[Work item]: Find the line containing "coen（コーエン）の「US" in the records below. Copy exactly that line and each one after it, ending at the line containing "n°24197 - Carte Gaufrée -...", and nothing more.

Stored items:
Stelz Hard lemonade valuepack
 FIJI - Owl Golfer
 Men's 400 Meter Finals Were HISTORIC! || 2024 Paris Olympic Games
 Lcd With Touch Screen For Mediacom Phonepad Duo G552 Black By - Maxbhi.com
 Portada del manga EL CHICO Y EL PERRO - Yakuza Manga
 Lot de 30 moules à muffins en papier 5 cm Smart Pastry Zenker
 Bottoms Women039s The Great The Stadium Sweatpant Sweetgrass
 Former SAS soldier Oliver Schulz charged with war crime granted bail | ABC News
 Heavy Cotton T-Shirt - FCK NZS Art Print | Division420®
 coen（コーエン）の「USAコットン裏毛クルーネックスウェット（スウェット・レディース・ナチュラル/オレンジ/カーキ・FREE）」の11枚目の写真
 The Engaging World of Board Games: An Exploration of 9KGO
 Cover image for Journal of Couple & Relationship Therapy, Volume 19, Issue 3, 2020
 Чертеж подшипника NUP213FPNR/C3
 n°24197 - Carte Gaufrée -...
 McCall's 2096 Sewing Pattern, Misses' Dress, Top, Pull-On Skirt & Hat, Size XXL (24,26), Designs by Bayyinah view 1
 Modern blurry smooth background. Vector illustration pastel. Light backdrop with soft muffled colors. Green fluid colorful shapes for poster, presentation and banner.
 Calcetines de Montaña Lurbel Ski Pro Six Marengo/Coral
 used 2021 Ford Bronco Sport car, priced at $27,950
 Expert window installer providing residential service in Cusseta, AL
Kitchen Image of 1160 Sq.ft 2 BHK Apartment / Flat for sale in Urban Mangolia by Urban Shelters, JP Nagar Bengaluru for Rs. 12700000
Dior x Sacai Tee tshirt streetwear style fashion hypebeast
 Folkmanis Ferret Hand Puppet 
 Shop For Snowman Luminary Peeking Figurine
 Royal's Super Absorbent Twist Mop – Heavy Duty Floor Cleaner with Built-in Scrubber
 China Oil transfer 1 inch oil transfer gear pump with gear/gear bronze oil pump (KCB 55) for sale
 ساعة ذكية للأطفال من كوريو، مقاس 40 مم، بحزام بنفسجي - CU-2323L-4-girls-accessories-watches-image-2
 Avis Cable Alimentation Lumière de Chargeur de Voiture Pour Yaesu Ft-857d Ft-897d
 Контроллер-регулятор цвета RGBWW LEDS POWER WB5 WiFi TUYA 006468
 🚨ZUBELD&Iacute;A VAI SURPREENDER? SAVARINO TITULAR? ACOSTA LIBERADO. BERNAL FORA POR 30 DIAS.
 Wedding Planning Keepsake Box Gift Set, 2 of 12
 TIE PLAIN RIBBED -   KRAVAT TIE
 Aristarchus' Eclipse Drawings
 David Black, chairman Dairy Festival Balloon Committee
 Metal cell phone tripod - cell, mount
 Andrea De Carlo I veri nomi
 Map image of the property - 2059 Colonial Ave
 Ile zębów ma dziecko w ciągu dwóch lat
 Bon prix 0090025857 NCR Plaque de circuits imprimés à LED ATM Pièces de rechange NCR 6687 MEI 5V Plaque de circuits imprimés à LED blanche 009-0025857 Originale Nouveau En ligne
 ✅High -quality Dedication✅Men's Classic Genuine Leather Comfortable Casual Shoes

[Result of this task]:
 coen（コーエン）の「USAコットン裏毛クルーネックスウェット（スウェット・レディース・ナチュラル/オレンジ/カーキ・FREE）」の11枚目の写真
 The Engaging World of Board Games: An Exploration of 9KGO
 Cover image for Journal of Couple & Relationship Therapy, Volume 19, Issue 3, 2020
 Чертеж подшипника NUP213FPNR/C3
 n°24197 - Carte Gaufrée -...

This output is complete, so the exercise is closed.